The podcast “Serial” blew up in 2014 with its debut season as it followed the story of Adnan Syed and the murder of his teenage girlfriend. Reaching nearly 4 million downloads per episode, the series was the most popular podcast ever made.
However, the idea to tell a tale week by week in serialized form has been around since the beginning of storytelling. Now, “Serial” producer Julie Synder and host Sarah Koenig are doing a series of events to talk about why this kind of storytelling can be so compelling in the new age of broadcast.
So, what makes Serial so binge-worthy?
“Serialized storytelling has gone on for quite a while,” said Snyder. But the right story needs turns, complications and contradictions. In season one, Snyder said that complexity was what separated their story from the many exploitative murder dramas in the media.
“Those stories don’t feel like people are three dimensional,” she said. “You don’t see ambiguity, nuance and humanity.
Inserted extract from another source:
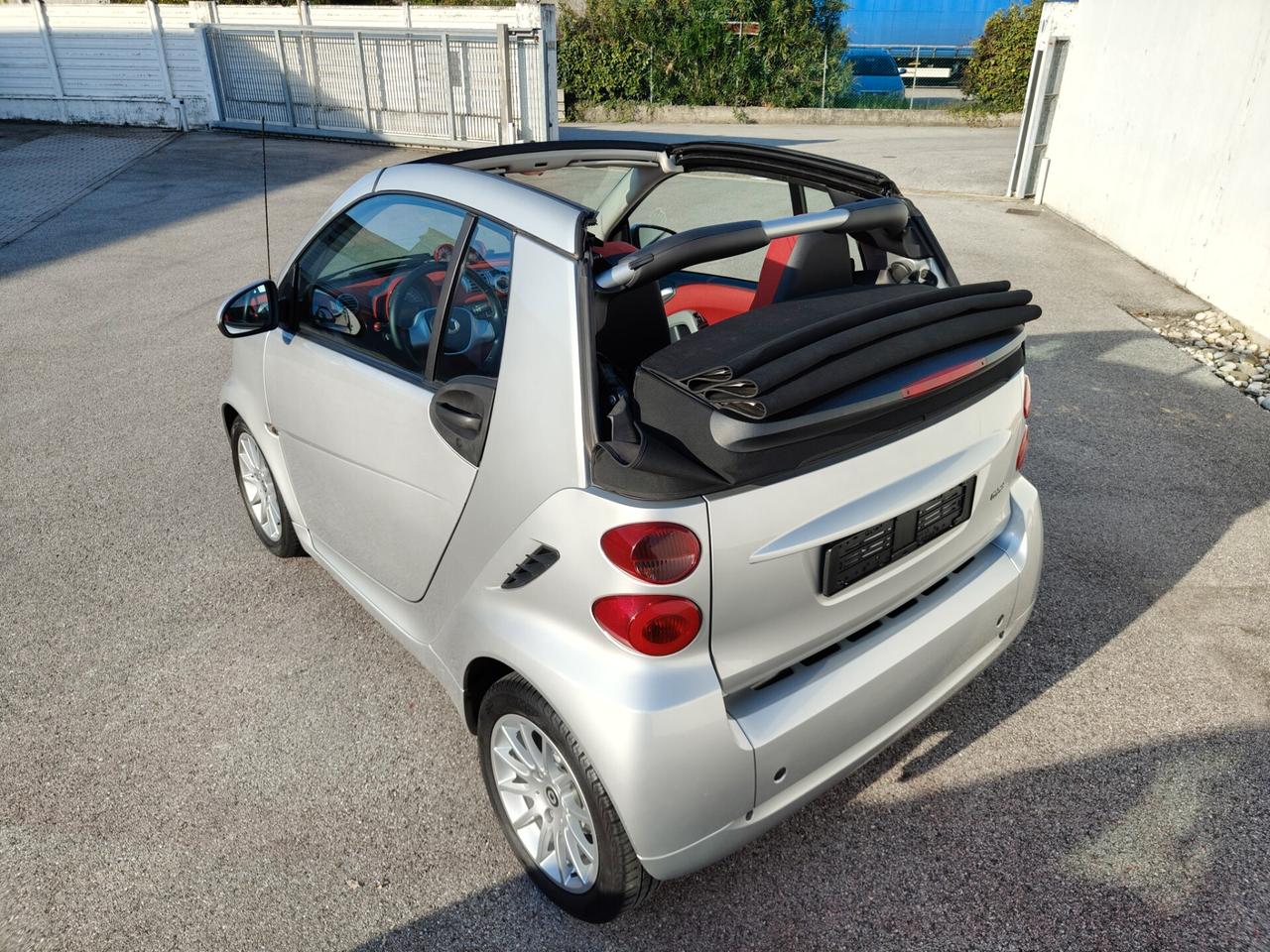 Smart ForTwo 1000 52 kW MHD cabrio passion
I don’t think they reflect life in the way we all inherently know.”
While the first season centered around the small community of Woodlawn High School in Baltimore (Snyder said they spoke with almost everyone involved in the story), season two is tackling a much bigger world.
It tells the story of Bowe Bergdahl, an American soldier who was held for five years by the Taliban, and then arrested for desertion.
“This story about Bowe Berghdal and his captivity, his decision to walk off the base, what he was trying to say about the war in Afghanistan, the impact it had on fellow soldiers, how it affected national policy, what it explains about the war and peace process and what we’re doing as a county… the world of this, we could go on forever.”
The world is so big that Snyder and Koenig announced in January the show would change to a bi-weekly schedule.
“There are so many people that were involved in it and affected by it,” she said. “We needed to do more reporting, more interviews and get more people involved.”
A binge-worthy story does not, however, need an element of murder, abduction or torture to gain such a large listener-base, believes Snyder.
“We’re basically just trying to explain somebody’s experience and point of view. That’s the guiding principle for all the stories we do, no matter what the subject is.”